During the 10-week basic training, the dog handlers learn how to care for, maintain and train their dogs. The dog handlers are also trained in understanding the environment — particularly air currents, dangerous areas — and learn to understand the "cone of scent."

Odour particles always travel in the shape of a cone. A cone of scent is always concentrated and narrow at the source and becomes wider and more diluted the further it travels.

Evaluation

The CBSA has very high standards for its dogs and only 1 out of 10 submitted to the evaluation process is accepted into the DDS program. After only a few exercises, it can usually be determined if the dog has the potential to meet the Agency's required expectations.

After the initial training course the dog handler must maintain a training schedule to keep the dog working at a peak efficiency level.

A detector dog training specialist will assess each detector dog team annually to ensure that they are working at an effective level.

About the Dogs

The CBSA uses several different breeds of dog, but has primarily employed the Labrador Retriever for drug, firearm and currency detection and the Beagle for food, plant and animal detection. Dogs are matched with CBSA officers to form detector dog teams.

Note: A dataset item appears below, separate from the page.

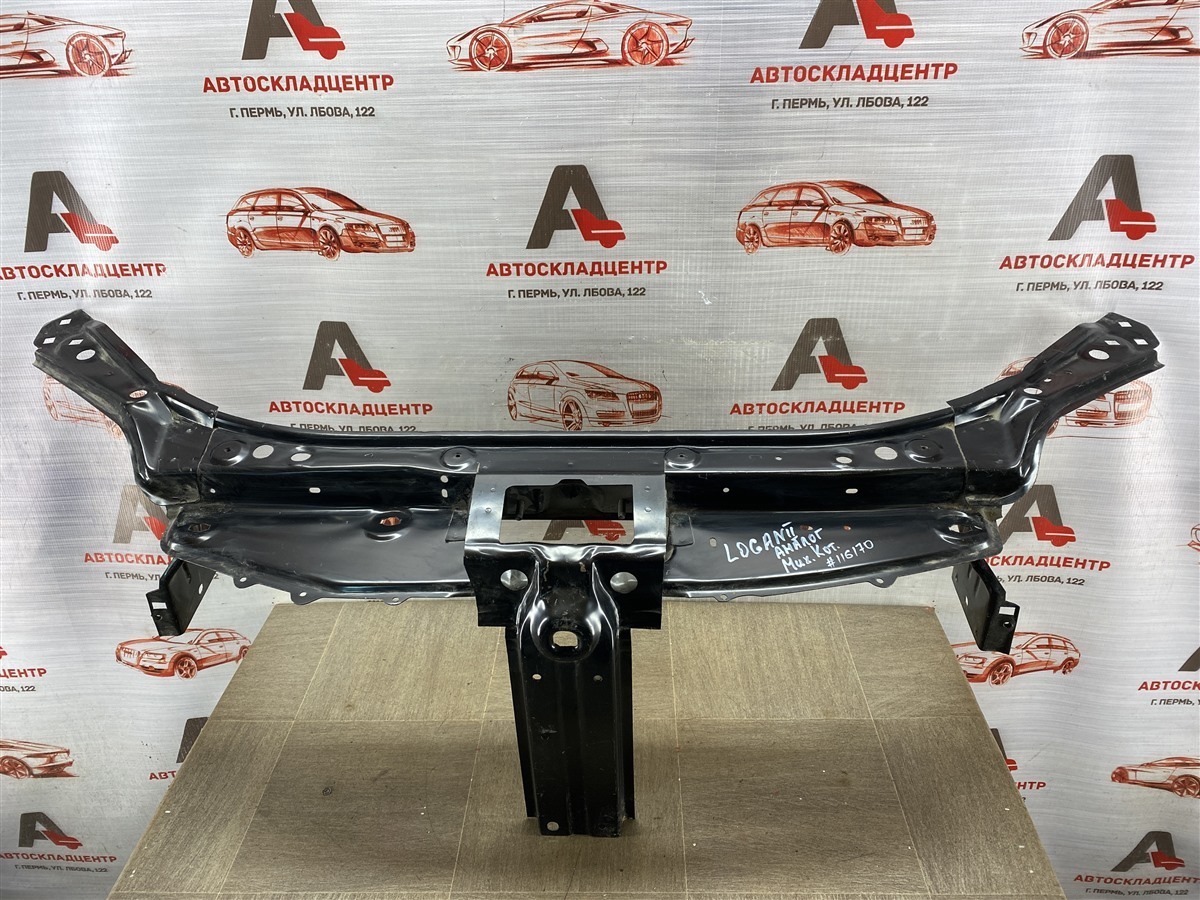 Панель передка (телевизор) - рамка радиатора RENAULT LOGAN (2014-н.в.) (б/у)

The life of a detector dog:

  • they are usually 11 to 16-months old when their training begins;
  • those that are trained to detect food, plant and animal products live in commercial kennels so that they are not continually around food smells from the handler's household kitchen. Dogs that are trained to detect drugs, firearms and currency live with their dog handlers;
  • the dogs are transported in air-conditioned vehicles that act as a mobile kennel when the dog is at work;
  • typically, the dogs work for 8 to 10 years; and
  • when the dogs retire, their handlers get the first option of taking them home to live with them or finding them a suitable good home.

What the CBSA looks for in a potential detector dog:

  • natural ability and the desire to retrieve;
  • good physical condition;
  • size (15-40 kilos);
  • alertness;
  • boldness (i.e. not being afraid of the varying situations and environments that they will be working in);
  • temperament; and
  • sociability.

About the Dog Handlers

The dog handlers must be border services officers and be dedicated to their job. They may be required to be on call 24 hours a day and must be willing to travel to other locations on short notice. They must also be dedicated to their dogs, while both on- and off- duty.